Las Vacas Trail is an 8 mile long trail that runs from the San Gregorio Trailhead on FR 70 to Los Pinos Trail – Trail #46 near San Pedro Park.
Trail Conditions: Good
Damian Trail – Trail #436 to Penas Negras Trail – Trail #32
From the junction with the Damian Trail, pick up Las Vacas Trail on the west side of the meadow. It will quickly enter a small canyon following Clear Creek upstream. In this section, the small canyon narrows as the trail follows the stream on the east side remaining in good condition the entire way.
You will eventually reach a junction with the Lucero Trail – Trail #34. Go right to remain on Las Vacas. It climbs at first across some open slops and through a small draw before topping out on a thickly forested mesa. The trail is completely flat and largely perfectly straight for the next 1.5 miles.
About 1/2 mile before the junction with the Palomas Trail – Trail #50, it crosses a small meadow and then climbs back into the forest. Just before the junction with the Palomas Trail, you will cross the Rio de las Vacas.
From the junction with the following the Palomas Trail – Trail #50, turn left to follow the Rio de Las Vacas upstream. You will quickly reach another junction, this time with the Anastacio Trail – Trail #435. Stay right to continue to follow the Rio de las Vacas upstream along the low, grassy canyon.
The trail follows the Rio de las Vacas for about 1.5 miles staying on the left (west) side of the small valley the entire way. This section of trail perfectly encapsulates San Pedro’s understated beauty. Not nearly as gaudy as many other areas even compared to the Caldera or Cruces Basin, but there is plenty to fall in love with here as long as you take the time to appreciate this unique landscape.

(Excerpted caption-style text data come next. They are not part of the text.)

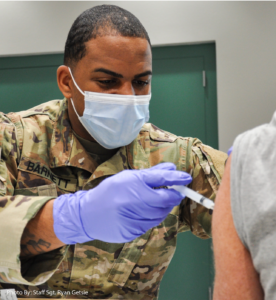 A member of the National Guard administering the COVID vaccine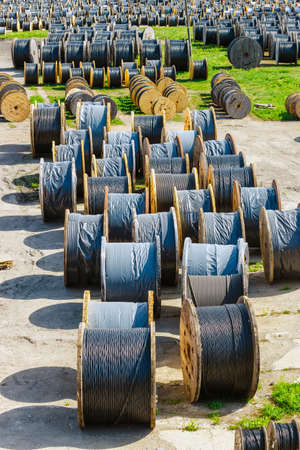electricity cable on wooden spools on the floorの写真素材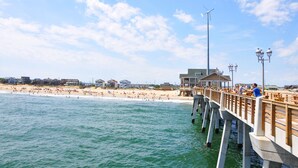 A pier extending into a beach with people walking and sitting.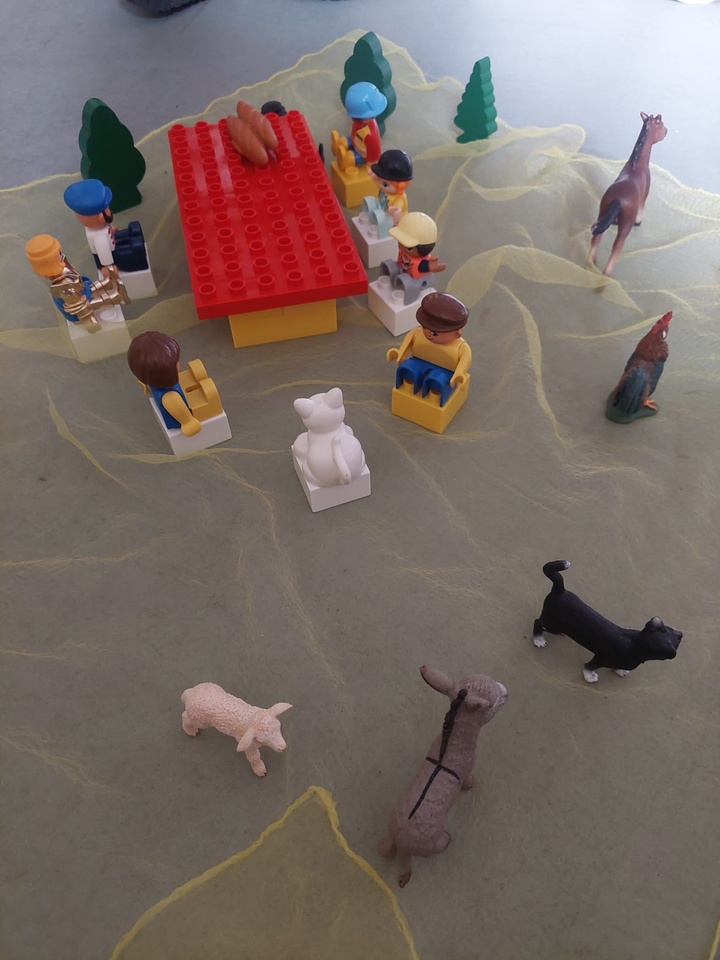 Lego-Figuren sitzen um einen Tisch. Um sie herum sind mehrere Tiere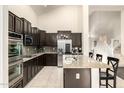 Bright kitchen with stainless steel appliances and a breakfast bar at 6971 W El Cortez Pl, Peoria, AZ 85383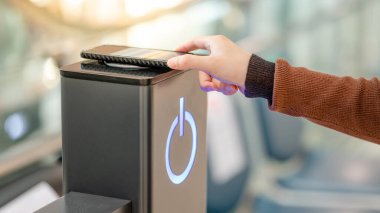 Erkek, akıllı telefonu kablosuz şarj cihazına ya da şarj aletine bağlıyor. Kamu alanındaki cep telefonu elektrik yükleme istasyonu.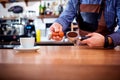 Hands bartender baristas make coffee cocoa cappuccino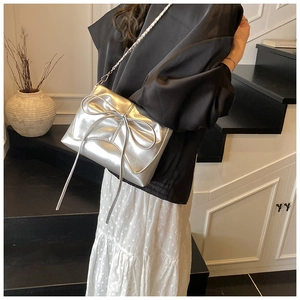 Detail van metallic zilveren schoudertas met grote strik en kettingriem op model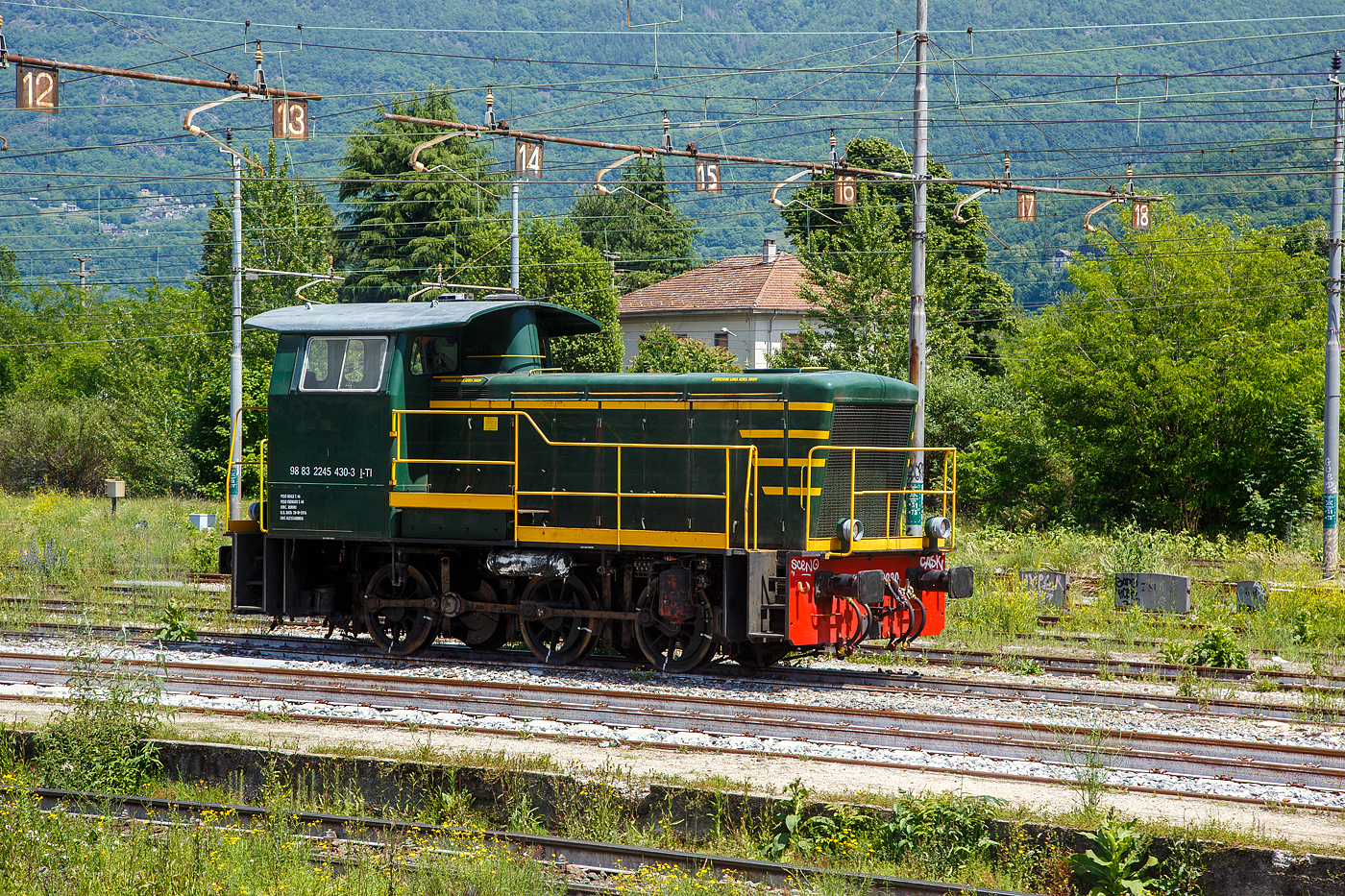 Die italienische Dieselrangierlok D.245.2230 (98 83 2245 430-3 I-TI) der Trenitalia (100-prozentige Tochtergesellschaft der FS), ist am 26.05.2023 im Bahnhof Domodossola abgestellt.

Die FS (Ferrovie dello Stato Italiane S.p.A. / Italienische Staatseisenbahnen AG) f�hrte 1963 die Reihe D.245 als leistungsf�higste Rangierlok ein. Die dreiachsigen Kraftpakete (Achsfolge C) wurden von verschiedenen Firmen in unterschiedlichen Formen geliefert.

Die Formen ergeben sich aus den unterschiedlichen Serien, Herstellern und Baujahren und sind wie folgt:
245.6001–6124, Baujahre 1963 bis 1969, Cantieri Navali Riuniti/OM/Jenbacher Werke
245.0001–0058, Baujahre 1964 bis 1968, Hersteller: Antonio Badoni/OM
245.1001–1020, Baujahre 1964 bis 1968, Hersteller: OM/FIAT-Mercedes-Benz
245.2001–2020, Baujahr 1966, Hersteller: Officine Meccaniche Reggiane/Breda
245.2101–2286, Baujahre 1976 bis 1987, Hersteller: Breda/Antonio Badoni/Greco/Ferrosud/IMMER
245.8001–8003, Baujahre 1958 bis 1962, dies waren sp�ter von der FS von einem Unternehmen erworben drei Lokomotiven vom Typ Jung R42C, die sp�ter zur Hafenbahn Genua kamen.

Sie hat ein hydraulisches Getriebe und Stangenantrieb. Die Achsen werden mittels Kuppelstangen von einer Blindwelle (zwischen der 2. Und 3. Achse) angetrieben. Die Lok hat einen, von 440 auf 370 kW, gedrosselten 12-Zylinderdieselmotor vom Typ Breda ID36, der die Leistung auf das Voith Str�mungsgetriebe (hydrostatisch), vom Typ L24. Die Dauerabtriebsleistung betr�gt 275 kW. Die Kraft�bertragung erfolgt �ber eine zwischen dem 2. und 3. Radsatz liegenden Blindwelle, Blindwellenkurbeln an den beiden Blindwellenenden und Kuppelstangen auf die R�der der Lok.

Technische Daten:
Spurweite: 1.435 mm (Normalspur)
Achsformel: C
L�nge �ber Puffer: 9.240 mm
Achsabst�nde: 1.500 / 2.500 mm
Eigengewicht: 46 t
H�chstgeschwindigkeit: 64 km/h (im Rangiergang 32 km/h)
Motorleistung: 370 kW
Dauerleistung: 275 kW
Treibraddurchmesser: 1.040 mm  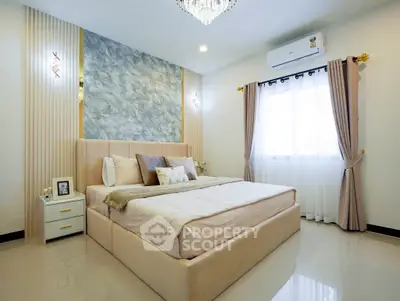 Luxurious bedroom with elegant decor and natural light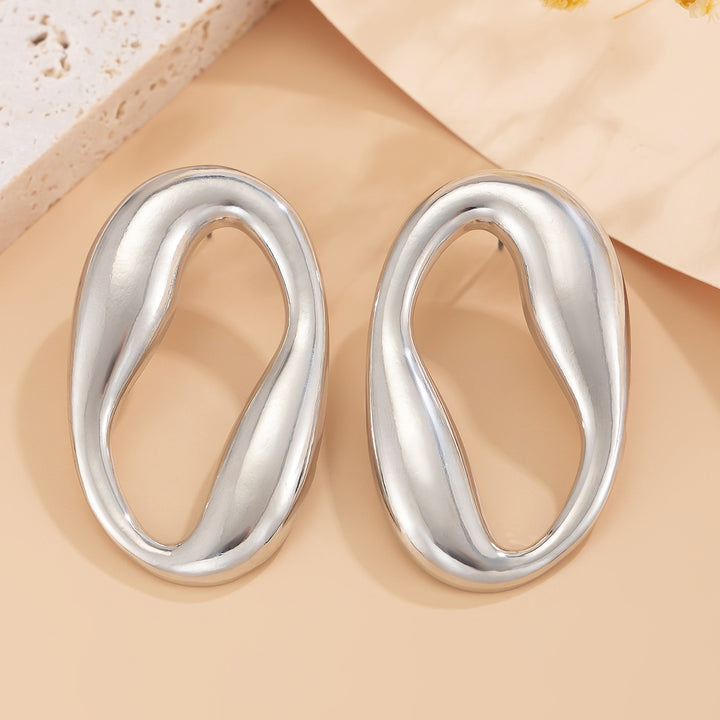Organic oval earrings with sculpted curves – Zandi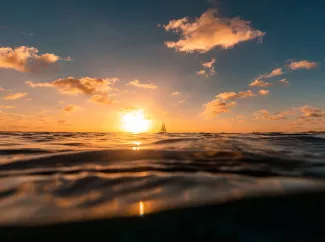 Sonnenaufgang über dem Meer mit Boot und Wellen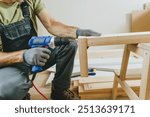 Close up of carpenter drilling a board with a screwdriver. Professional woodworker using tools for work in his workshop. Small business concept.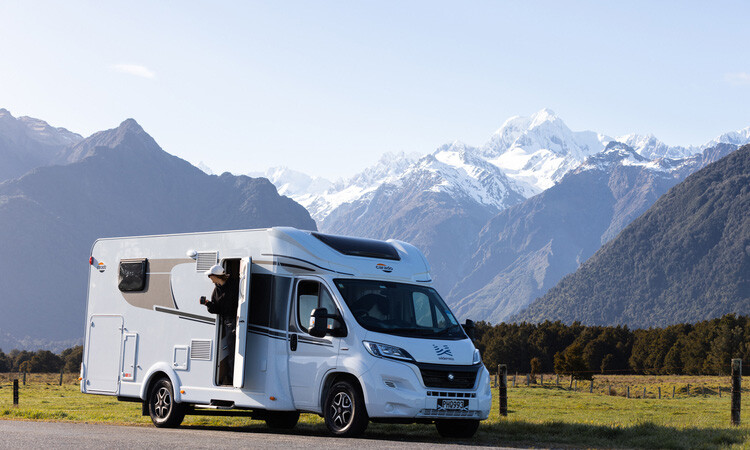 A motorhome out in the outdoor infront of a montain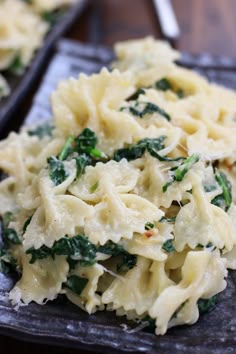 pasta with spinach and cheese is on a baking sheet, ready to be eaten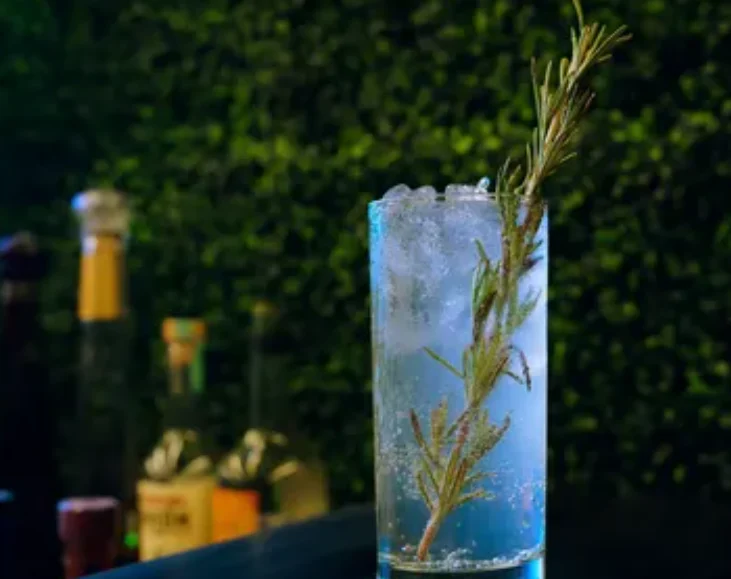Blue cocktail with a rosemary garnish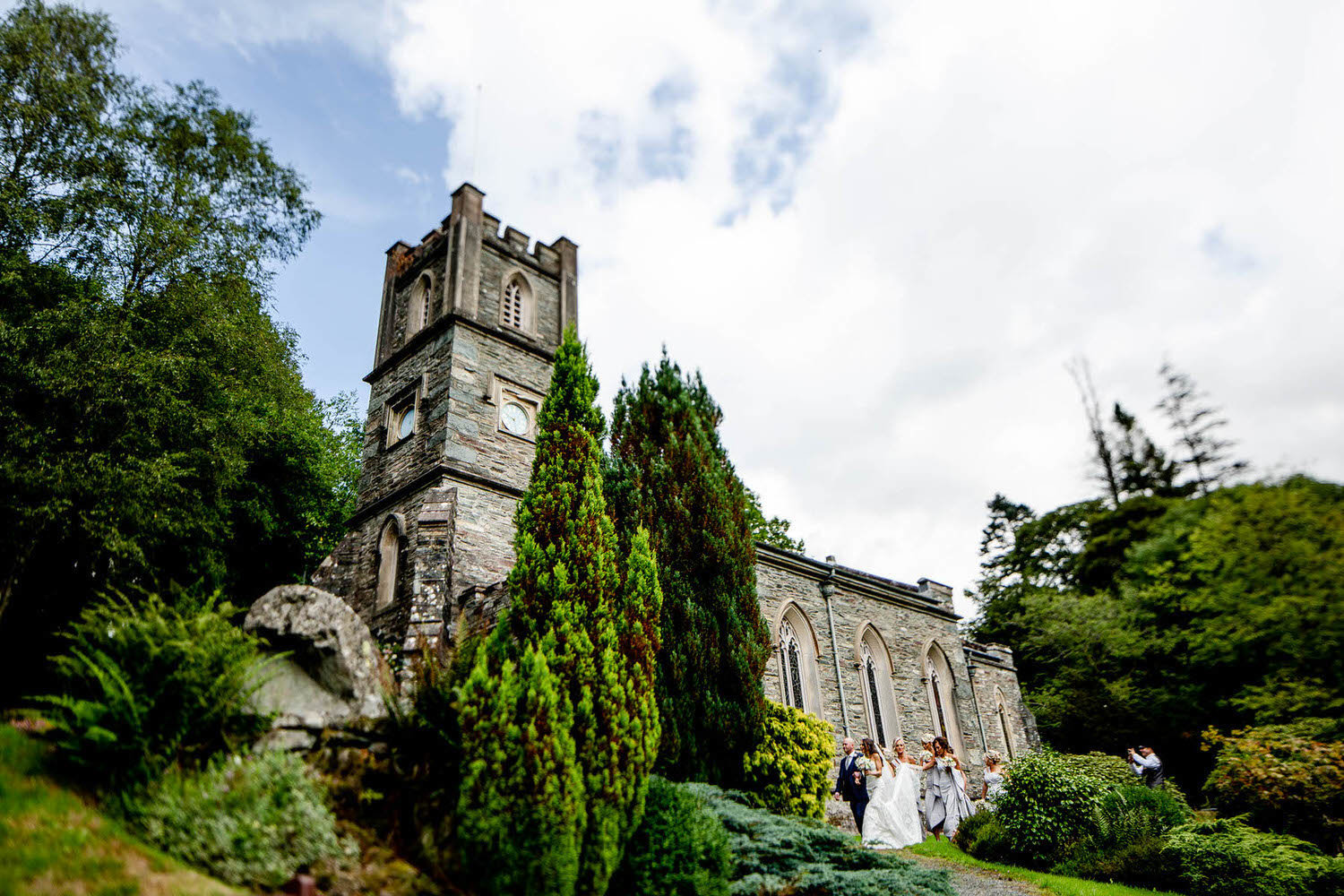 bride arrives at church ready for her wedding with bridesmaids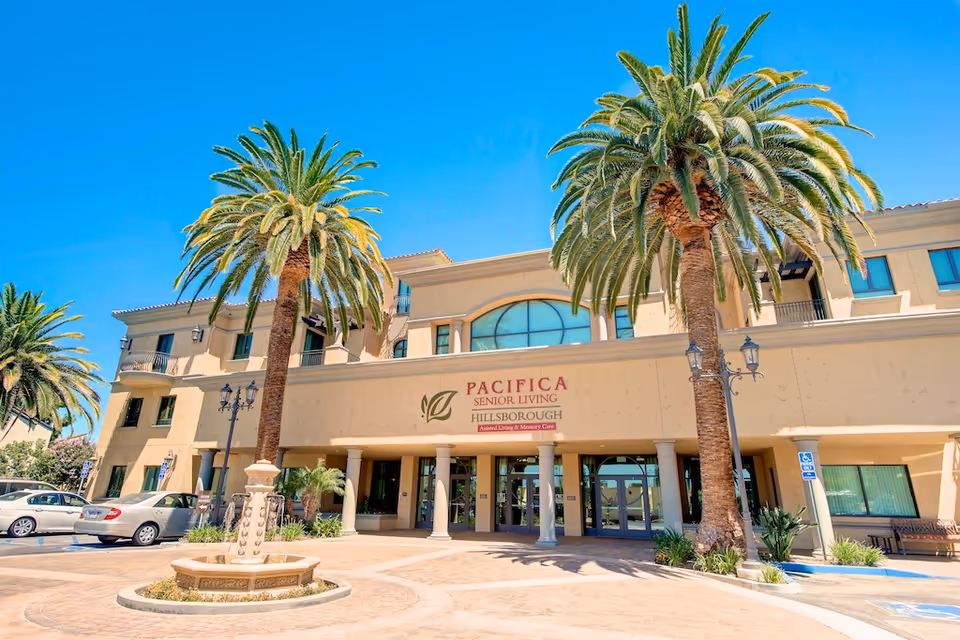 Three-story senior living building entrance with tall palm trees, a fountain, and parked cars under a clear blue sky.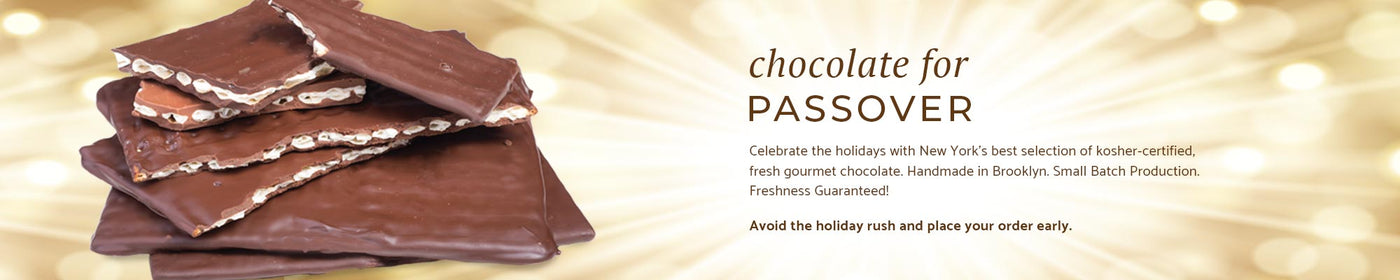 a stack of chocolate covered matzoh with a starburst yellow background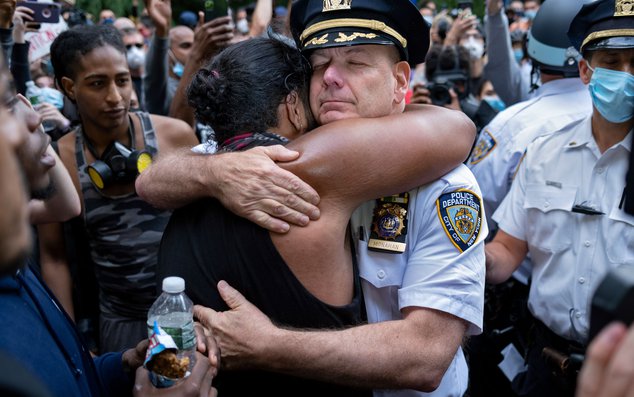 Chief of Department of the New York City Police, Terence Monahan, hugs an activist after he took a knee, on June 1st, 2020.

San Gregorio Trailhead to the Lucero Trail – Trail #34
From the parking area, cross the dirt road to pick up Las Vacas Trail – Trail #51, which heads uphill into the dense spruce and fir forest that defines much of the San Pedro Parks area.
The first mile to San Gregorio Reservoir is wide and well traveled. Many people make this easy walk to the lake to fish, and it is even possible to find people carrying canoes or kayaks.
After winding through the forest over undulating hills, the trail pops out just north of the lake after 1 mile. The trail continues to the right (north), crosses Clear Creek, and then steers back into the forest. Be watchful here. There’s another trail that continues straight into the meadow, but the Vacas Trail goes right to continue north.
The next 3/4 miles to the junction with the Damian Trail – Trail #436 is easy to follow but there’s a significant amount of deadfall. In many places, social trails skirting these downed trees have been established, but others require going over or around the fallen trees.
Just after crossing Clear Creek again, you will reach a junction with the Damian Trail. Go left to stay on the Vacas Trail, which follows Clear Creek going upstream. In this section, the small canyon narrows as the trail follows the stream on the east side.
Again, there are a few downed trees here, although not as many as before. The trail is easy to follow as it climbs gently through the predominantly spruce forest. After about another mile, the trail passes a post that appears to be an old trail sign. Ignore this. The actual junction with the Lucero Trail – Trail #34 is a few hundred yards upstream.